TASK DETAILS: Leave the images out and repeat the data exactly as given.

DATA EXTRACT:
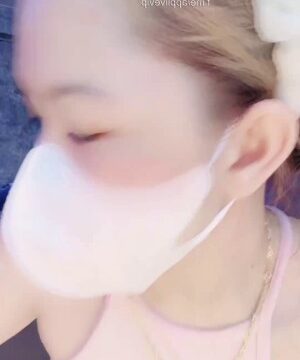 Thảo Hiền 2k2 livestream show nán khủng nhưng hơi xệ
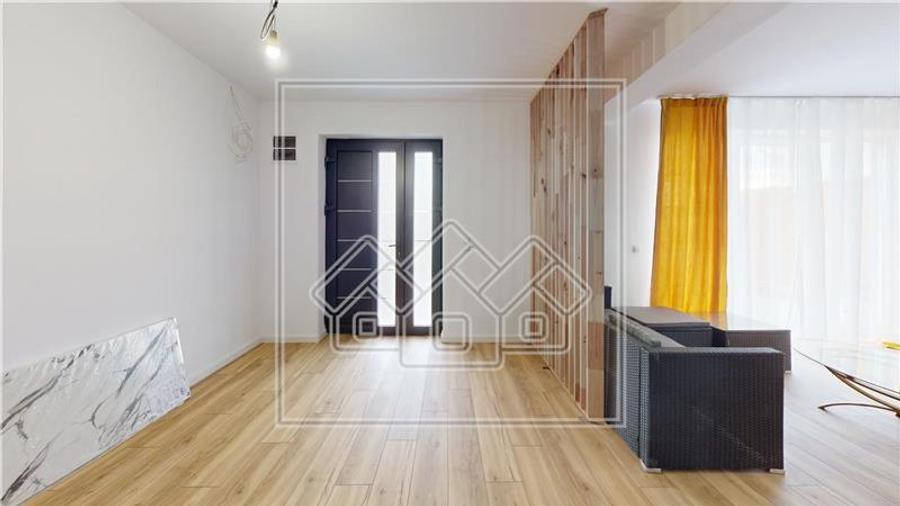 Duplex cu 4 camere cu Canalizare în Daia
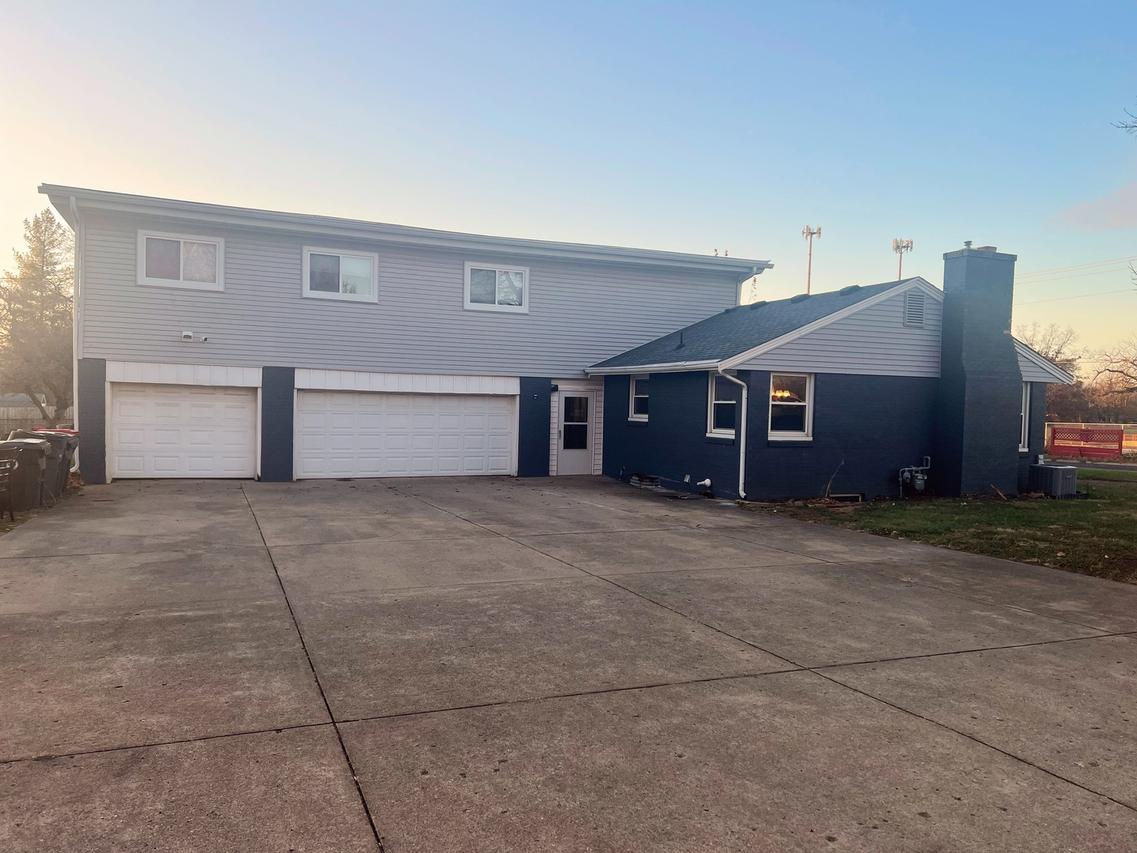 1844 Court St., Pekin, IL 61554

ANSWER BOX:
 Thảo Hiền 2k2 livestream show nán khủng nhưng hơi xệ
 Duplex cu 4 camere cu Canalizare în Daia
 1844 Court St., Pekin, IL 61554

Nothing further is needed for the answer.